Bir kez daha önemle belirtmek gerekir ki Protokol tek taraflı bir idari işlemdir ve bu işlem iki kamu kurumu olan SGK ve TEB tarafından gerçekleştirilmektedir. Buna göre savunma sadece SGK tarafından alınsa bile, değerlendirme sürecine, itiraz komisyonlarında olduğu gibi TEB veya Oda temsilcilerinin de katılması gerekir.
Oysa eczacının savunması, 5.2. maddeye göre “…Kurum(un) taşra teşkilatınca değerlendirilmek”tedir. Katılımcılıkla ilgili olarak benzer bir uygulamayı, memur disiplin hukukunda disiplin kurullarına memur sendika temsilcilerinin katılması şeklinde görmekteyiz.
Yine savunma hakkının en önemli yanlarından birisi, savunmayı yapacak kişinin hakkındaki suçlamaları ve bu suçlamalara istinat eden belge ve bilgileri öğrenmesidir.
Bu husus, nerdeyse uygulamada en önde gelen sorundur. Bilgi Edinme Kanununa göre belge istendiğinde savunma hakkı için verilen süre geçmektedir, diğer yandan ceza yargılaması sözkonusu olduğunda “soruşturmanın gizliliği” esas gösterilerek bilgi verilmediği durumlar olmaktadır.
Dolayısıyla savunma hakkı konusunda hiç değilse belli tutar cezai şart veya doğrudan fesih ve/veya tarafların anlaşacağı sınırlar çerçevesinde, savunma yapacak eczacıya soruşturma ya da inceleme dosyasını inceleme veya avukatına inceletme hakkı tanınmalıdır. Diğer alt disiplin cezaları için olmamakla birlikte örneğin “devlet memurluğundan çıkarma” cezası verilecek bir disiplin suçu isnat edilen devlet memurları için 657 sayılı yasada kendisi veya avukatı vasıtasıyla soruşturma dosyasını inceleme ve yine kendisi veya avukatı tarafından sözlü savunma hakkı tanınması, böyle bir düzenleme için iyi bir örnektir.

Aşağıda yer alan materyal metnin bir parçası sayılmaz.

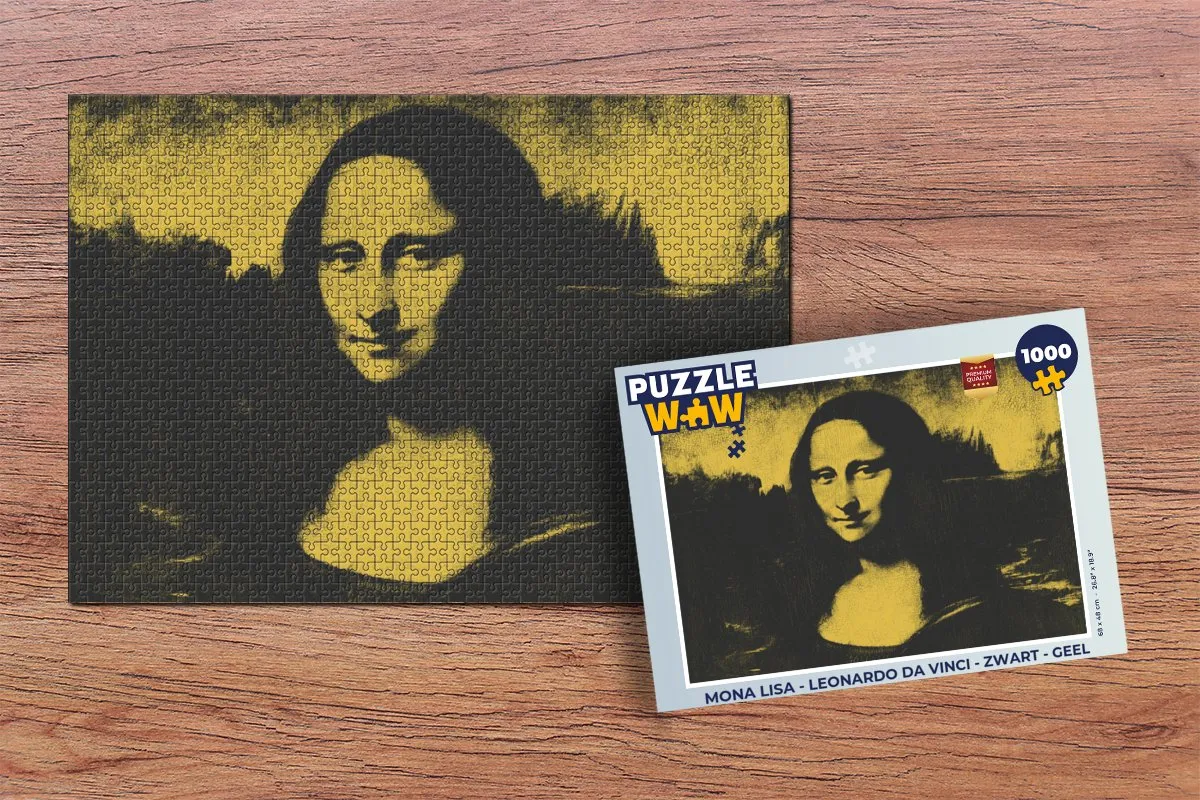 PuzzleWow Mona Lisa Legpuzzel 1000 Stuks - Multicolor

Protokol’ün savunma hakkı başlıklı 5.2. maddesindeki savunmanın “taşra teşkilatınca değerlendirilmesi” üzerinde de durmak gerekir. İncelemeyi kim yaparsa yapsın, savunma Sosyal Güvenlik Kurumu’nun taşra teşkilatı yani il müdürlükleri, onların içinde de sağlık merkez müdürlükleri tarafından değerlendirilmektedir. Bu bir yandan örneğin müfettiş tarafından yapılan soruşturmanın değerlendirilmesi gibi taşra teşkilatına fazladan yük yükler ve hareket alanını daraltırken, diğer yandan da savunmanın “cezayı verecek merci tarafından alınması ve değerlendirilmesi” konusuna kenarından, ancak doğru biçimde değmektedir.
Savunma hakkının sözleşmeye konulması, önemli olmakla birlikte, bu hakkın etkin bir şekilde kullanıldığını göstermemektedir. İşlevsel bir hak olarak gerçek yerini alabilmesi için, mutlak surette usul ve esas bakımından içinin doldurulması gerekmektedir.